For Graeme Slattery, a Perth-based partner at Squire Patten Boggs, that should serve as a wake-up call that taking action to ensure privilege is in place may not always be enough. The decision is a timely reminder to businesses to act quickly if documents that may be subject to legal professional privilege fall into the hands of a third party, either inadvertently or by nefarious means,’ he says.

Chisholm-Batten notes that the Glencore case highlights how important robust cybersecurity should be to all businesses. She believes the Glencore ruling will be instructive when it comes to cases involving high-profile leaks such as the Paradise Papers.

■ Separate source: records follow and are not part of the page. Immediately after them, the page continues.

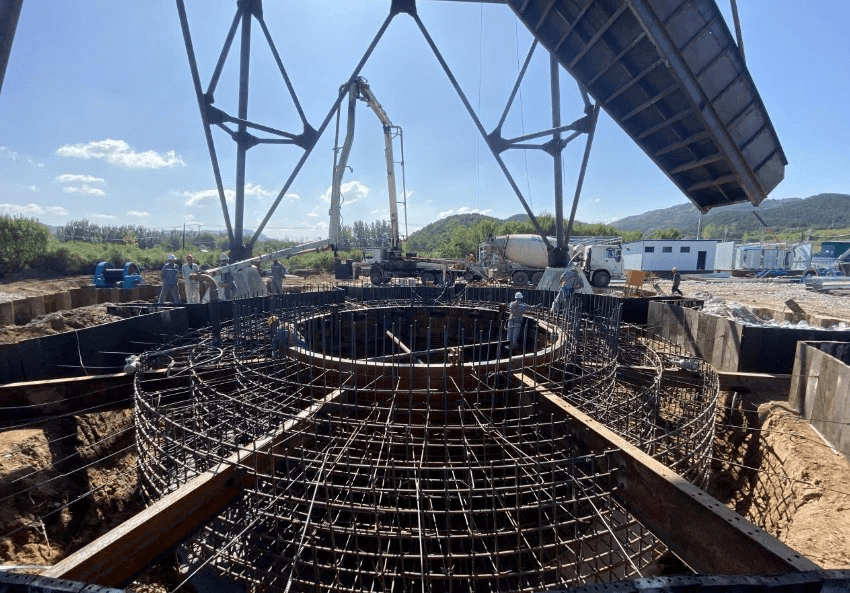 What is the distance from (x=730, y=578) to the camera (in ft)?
5.03

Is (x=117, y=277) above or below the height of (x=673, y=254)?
below

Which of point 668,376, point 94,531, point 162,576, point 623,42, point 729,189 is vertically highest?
point 623,42

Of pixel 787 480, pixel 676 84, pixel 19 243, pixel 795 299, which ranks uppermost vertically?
pixel 676 84

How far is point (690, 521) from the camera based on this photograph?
2656mm

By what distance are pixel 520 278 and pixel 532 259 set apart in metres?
2.12

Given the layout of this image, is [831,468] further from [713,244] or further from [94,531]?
[713,244]

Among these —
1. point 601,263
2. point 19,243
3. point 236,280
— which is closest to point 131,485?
point 236,280

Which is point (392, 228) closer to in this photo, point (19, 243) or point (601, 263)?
point (601, 263)

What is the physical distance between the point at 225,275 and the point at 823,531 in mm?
13309

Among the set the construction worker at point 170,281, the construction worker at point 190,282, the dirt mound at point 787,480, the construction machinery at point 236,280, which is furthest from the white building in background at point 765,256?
the construction worker at point 170,281

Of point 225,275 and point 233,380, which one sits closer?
point 233,380

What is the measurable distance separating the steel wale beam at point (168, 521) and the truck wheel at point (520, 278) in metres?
20.8

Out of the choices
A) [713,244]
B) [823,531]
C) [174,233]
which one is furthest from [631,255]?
[174,233]

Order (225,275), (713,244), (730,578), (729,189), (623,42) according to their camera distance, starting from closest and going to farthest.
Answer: (730,578) → (623,42) → (729,189) → (225,275) → (713,244) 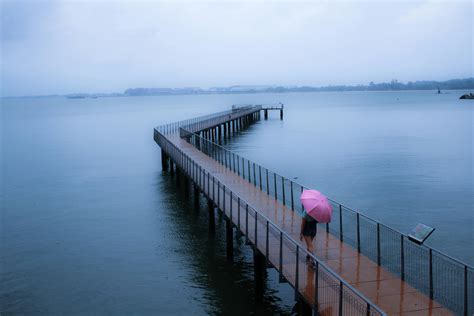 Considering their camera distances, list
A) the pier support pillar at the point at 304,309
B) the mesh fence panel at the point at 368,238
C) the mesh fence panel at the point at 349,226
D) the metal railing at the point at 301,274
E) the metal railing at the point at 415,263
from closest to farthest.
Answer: the metal railing at the point at 301,274, the pier support pillar at the point at 304,309, the metal railing at the point at 415,263, the mesh fence panel at the point at 368,238, the mesh fence panel at the point at 349,226

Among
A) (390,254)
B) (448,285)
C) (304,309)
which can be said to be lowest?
(448,285)

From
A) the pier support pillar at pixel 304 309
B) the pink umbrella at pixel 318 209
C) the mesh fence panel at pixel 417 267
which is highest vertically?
the pink umbrella at pixel 318 209

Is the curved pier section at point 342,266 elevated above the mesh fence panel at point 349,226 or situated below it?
above

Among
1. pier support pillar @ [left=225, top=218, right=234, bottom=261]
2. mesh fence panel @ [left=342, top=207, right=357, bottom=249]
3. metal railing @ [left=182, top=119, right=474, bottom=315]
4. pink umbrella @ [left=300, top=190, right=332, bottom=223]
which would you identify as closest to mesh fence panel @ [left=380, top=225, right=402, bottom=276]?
metal railing @ [left=182, top=119, right=474, bottom=315]

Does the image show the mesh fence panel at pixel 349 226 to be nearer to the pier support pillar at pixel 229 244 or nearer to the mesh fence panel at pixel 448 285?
the mesh fence panel at pixel 448 285

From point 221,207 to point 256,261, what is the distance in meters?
4.52

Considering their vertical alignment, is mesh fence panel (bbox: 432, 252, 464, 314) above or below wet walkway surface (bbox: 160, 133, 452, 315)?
below

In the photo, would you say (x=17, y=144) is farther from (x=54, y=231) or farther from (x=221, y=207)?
(x=221, y=207)

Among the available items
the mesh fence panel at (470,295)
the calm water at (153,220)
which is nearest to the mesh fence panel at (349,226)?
the calm water at (153,220)

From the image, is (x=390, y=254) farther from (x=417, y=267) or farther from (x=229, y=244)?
(x=229, y=244)

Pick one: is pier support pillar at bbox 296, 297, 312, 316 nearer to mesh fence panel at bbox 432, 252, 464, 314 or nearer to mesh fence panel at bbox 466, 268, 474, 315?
mesh fence panel at bbox 432, 252, 464, 314

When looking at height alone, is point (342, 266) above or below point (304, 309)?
above

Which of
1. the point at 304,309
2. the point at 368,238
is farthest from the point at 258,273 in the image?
the point at 368,238

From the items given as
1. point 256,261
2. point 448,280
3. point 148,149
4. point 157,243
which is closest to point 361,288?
point 256,261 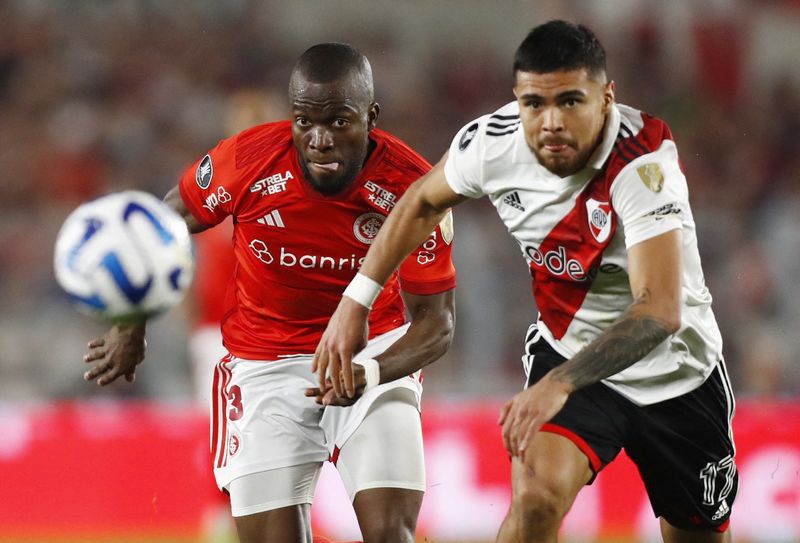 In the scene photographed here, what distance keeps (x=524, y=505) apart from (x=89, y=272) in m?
1.62

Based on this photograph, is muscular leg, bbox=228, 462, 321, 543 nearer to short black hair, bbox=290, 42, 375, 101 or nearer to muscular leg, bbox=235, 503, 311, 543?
muscular leg, bbox=235, 503, 311, 543

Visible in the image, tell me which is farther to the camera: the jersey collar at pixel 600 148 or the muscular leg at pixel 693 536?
the muscular leg at pixel 693 536

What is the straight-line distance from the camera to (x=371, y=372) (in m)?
4.28

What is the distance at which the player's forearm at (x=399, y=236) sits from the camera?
163 inches

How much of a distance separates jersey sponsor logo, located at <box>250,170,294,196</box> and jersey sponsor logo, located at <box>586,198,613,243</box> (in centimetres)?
116

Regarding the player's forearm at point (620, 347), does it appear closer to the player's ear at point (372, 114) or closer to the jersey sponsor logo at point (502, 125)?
the jersey sponsor logo at point (502, 125)

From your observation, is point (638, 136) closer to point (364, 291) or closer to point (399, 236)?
point (399, 236)

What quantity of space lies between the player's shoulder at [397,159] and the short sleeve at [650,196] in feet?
3.19

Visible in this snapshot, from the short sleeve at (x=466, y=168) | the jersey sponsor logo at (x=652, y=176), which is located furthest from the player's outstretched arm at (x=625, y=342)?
the short sleeve at (x=466, y=168)

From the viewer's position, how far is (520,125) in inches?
161

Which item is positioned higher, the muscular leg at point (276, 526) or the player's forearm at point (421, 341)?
the player's forearm at point (421, 341)

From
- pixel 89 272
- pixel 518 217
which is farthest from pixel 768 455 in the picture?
pixel 89 272

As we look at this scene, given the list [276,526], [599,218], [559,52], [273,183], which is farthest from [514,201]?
[276,526]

‘It’s a judgment that would have pretty persuasive authority in other common law jurisdictions,’ she says. ‘Ordinarily if you want to protect confidential information and are seeking an injunction you would claim breach of confidence, but these documents had lost their confidential status because they had been published very widely.’

‘Glencore needed to try to pursue an injunction on the basis of legal professional privilege, but the court found that that can be used as a shield and not a sword,’ she adds. ‘Her Majesty's Revenue & Customs is intending to make full use of Paradise Papers documents; the Glencore decision is very interesting.’